Instructions to follow: A partial copy is required: transcribe exactly the lines from the one containing "a woman in a" through the last line below, without any pictures.

Web page caption snippets:
++++++++++++++++++++

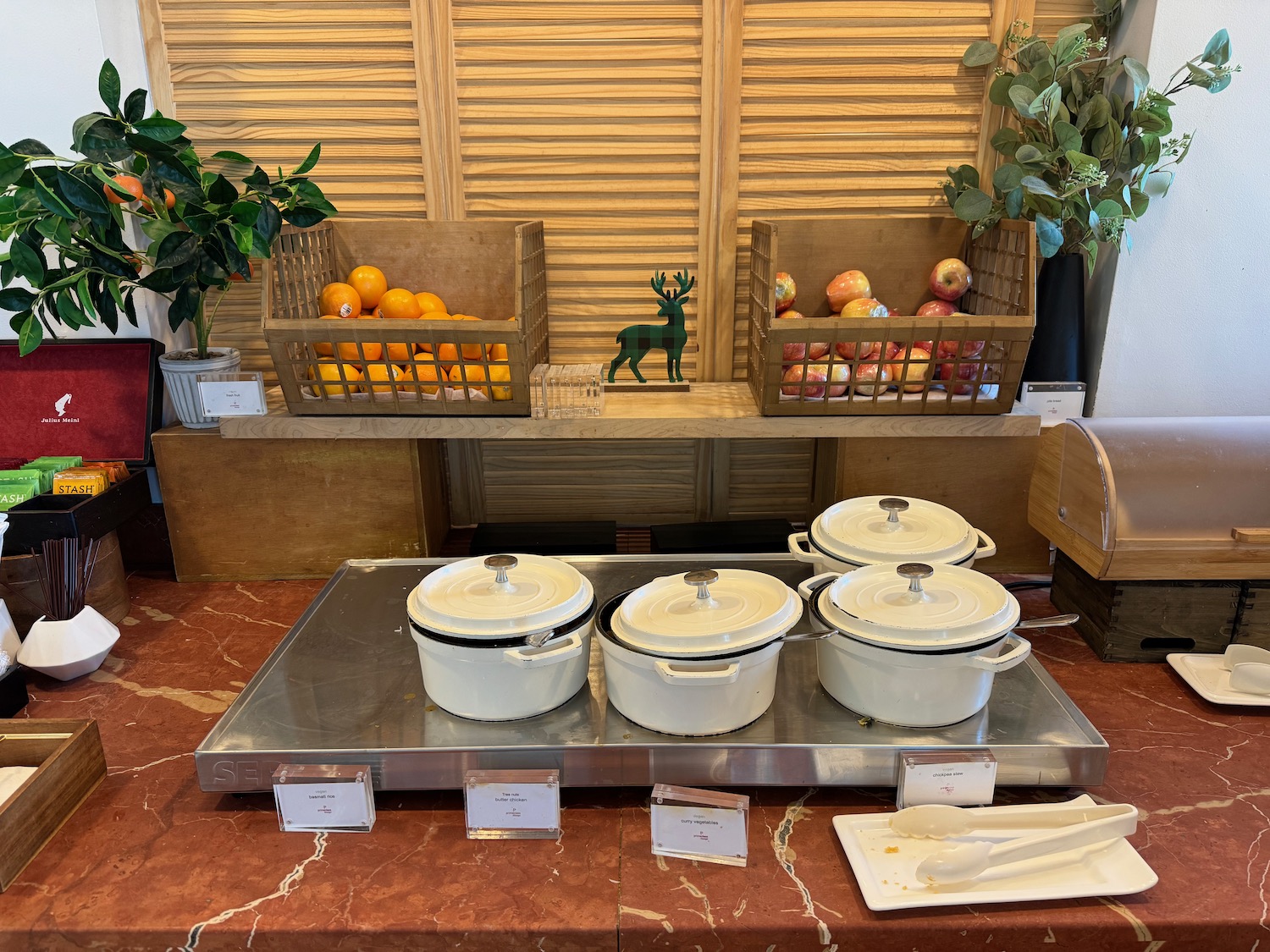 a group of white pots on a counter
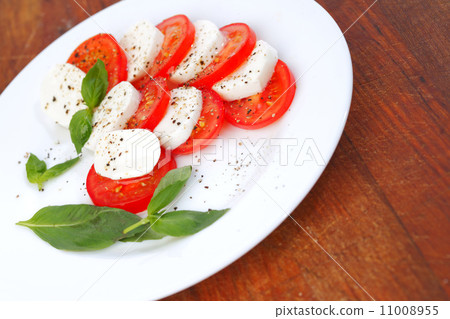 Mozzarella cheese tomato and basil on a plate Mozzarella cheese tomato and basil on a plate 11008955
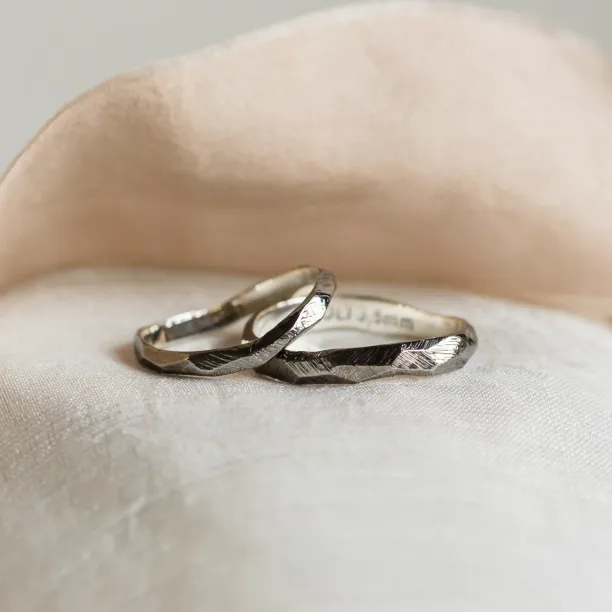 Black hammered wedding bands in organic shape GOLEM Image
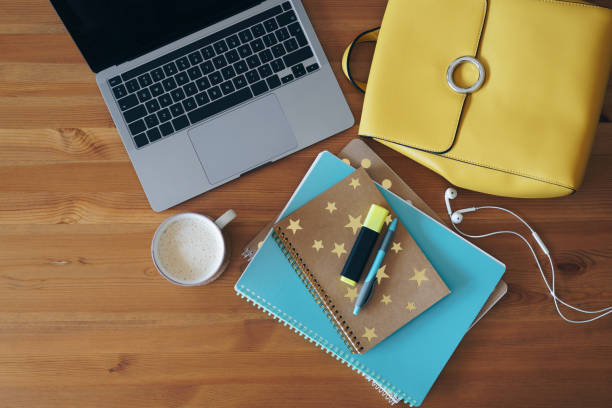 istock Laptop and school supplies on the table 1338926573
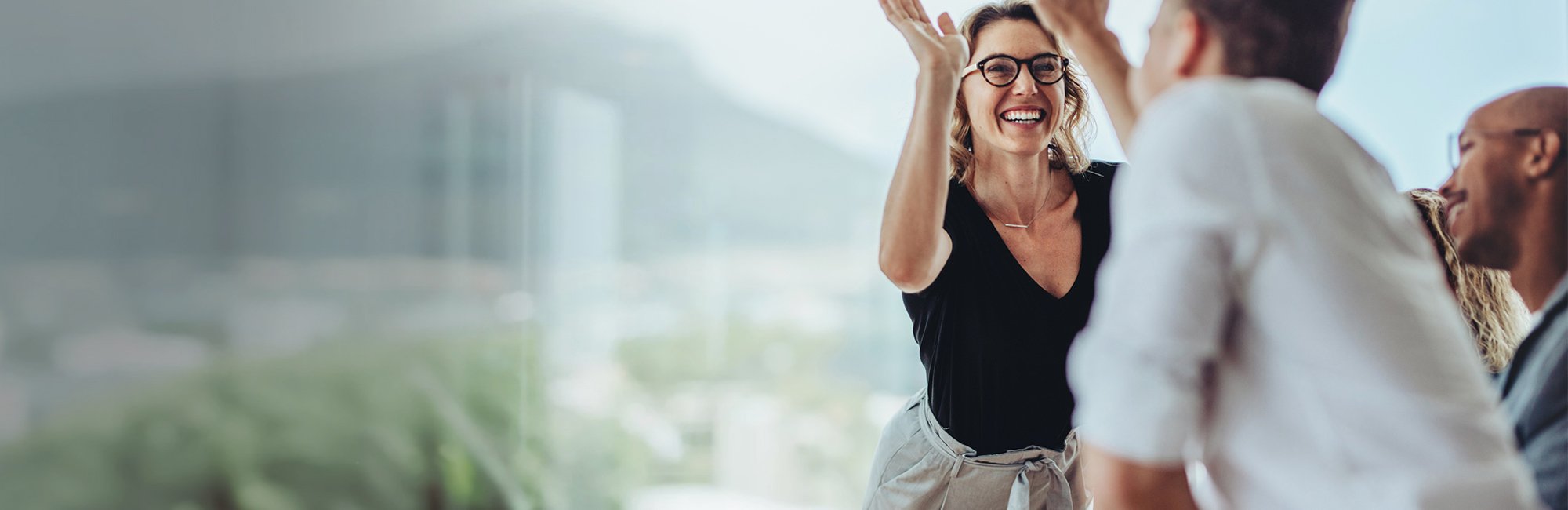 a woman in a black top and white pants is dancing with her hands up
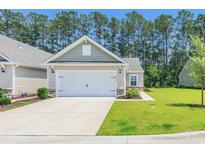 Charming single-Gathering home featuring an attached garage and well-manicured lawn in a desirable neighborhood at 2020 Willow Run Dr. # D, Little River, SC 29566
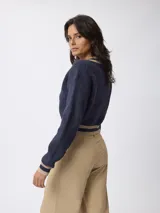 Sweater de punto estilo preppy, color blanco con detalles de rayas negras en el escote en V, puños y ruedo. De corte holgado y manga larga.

++++++++++++++++++++

Answer for the task:
 a woman in a black top and white pants is dancing with her hands up
 Charming single-Gathering home featuring an attached garage and well-manicured lawn in a desirable neighborhood at 2020 Willow Run Dr. # D, Little River, SC 29566
 Sweater de punto estilo preppy, color blanco con detalles de rayas negras en el escote en V, puños y ruedo. De corte holgado y manga larga.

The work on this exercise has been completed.